Projecting from one surface of the driven gear 12 and equiangularly spaced about its axis are three stub shafts 16 on which respective planet wheels 18 are rotatably mounted. The driven gear 12 thus constitutes the common carrier for the planet wheels. The planet wheels 18 are in mesh with the internal teeth on an annulus or ring gear 20 and the external teeth on a sun wheel 22. The sun wheel 22 has a central axial hole 24, through which the balancer shaft 10

passes. The shaft 10 and sun wheel 22 are not geared together and can thus rotate relative to one another. The sun wheel 22 is, however, connected to rotate with the rotor 23 of an Integrated Starter Generator unit (ISG), which is surrounded by an outer casing 26 (shown partially broken away) and includes a stator 27. The stator 27 of the ISG is connected, in use, to the battery of the vehicle powered by the engine via a controller which is connected to the engine management system.

The planetary gear set 18,20, 22 is arranged to act as step up gearing, whereby the sun wheel 22 and thus the rotor 23 of the ISG rotates at between 2.5 and 5 times the speed of the balancer shaft 10 and in the same sense as it. The weights 14 on the balancer shaft 10 are sized and positioned such that the cyclical moment which they exert on the engine when they are rotated is equal and opposite to the primary imbalance moment applied to the engine by the three pistons, whereby the engine is in primary balance. The relatively massive rotor of the ISG rotates significantly faster than the balance shaft 10 and the crankshaft 4 and thus either balances or at least substantially reduces the torque recoil forces to which the engine is subjected.

The ISG operates in the same manner as a conventional starter motor, when the engine is to be started. When the engine is running, it operates in the same manner as a conventional alternator and provides the electrical power necessary for the various electrical devices forming part of the engine or the vehicle and excess power is used to recharge the battery. If the position of the vehicle accelerator pedal indicates that the driver wishes to have greater power than the engine is capable of producing in the long term, the engine management system switches the controller so that the vehicle battery powers the ISG to operate as a

motor. Its mechanical output is supplied to the crankshaft via the balancer shaft and the gears 12 and 8, thereby temporarily increasing the total power output of the engine for a brief period of time.

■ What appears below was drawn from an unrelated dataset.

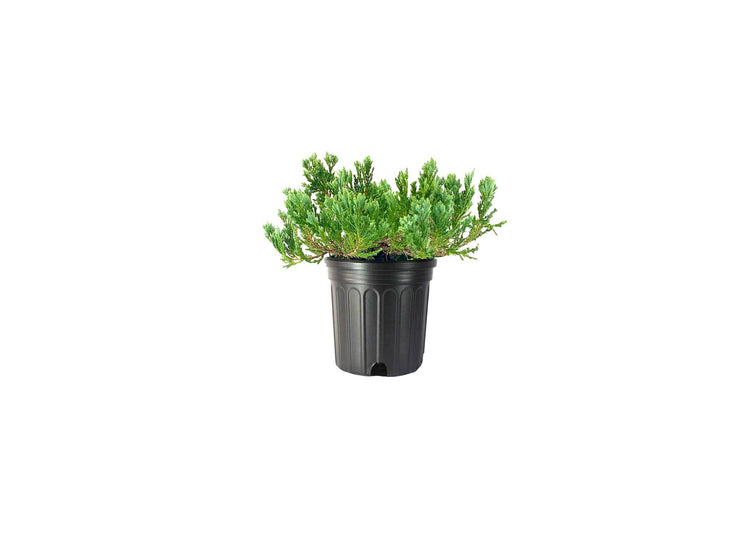 Juniper Blue Chip | Live Gallon Size Plants | Juniperus Horizontalis | Evergreen Cold Hardy Drought Tolerant Groundcover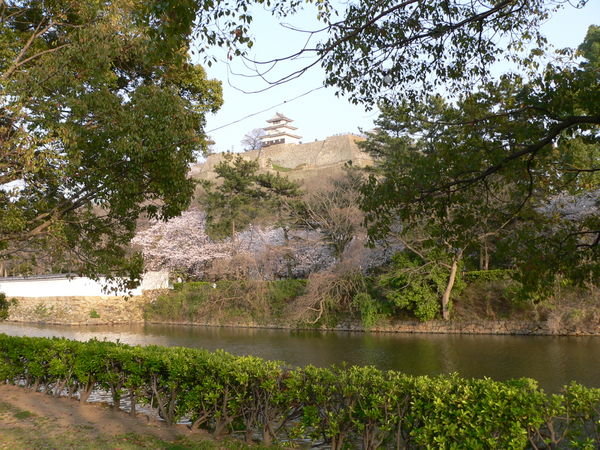 Marugame Castle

If desired, a further epicyclic gear set can be provided in series with the epicyclic gear set described above so as to provide a step up gear ratio between the balancer shaft and the rotor of, say, 15. This may be a more appropraite gear ratio for the ISG, when operating in starter mode and the ISG may be designed so that the substantial speed at which it is rotated, in use, is appropriate also when operating in generator mode.

As will be apparent, the present invention is particularly applicable to engines with an odd number of cylinders, particularly three cylinders, but it is found that it is also of value with certain engines with an even number of cylinders. Thus the invention is applicable to all in-line engines with five or less cylinders and to certain engines with 12 cylinders or less arranged in a V configuration.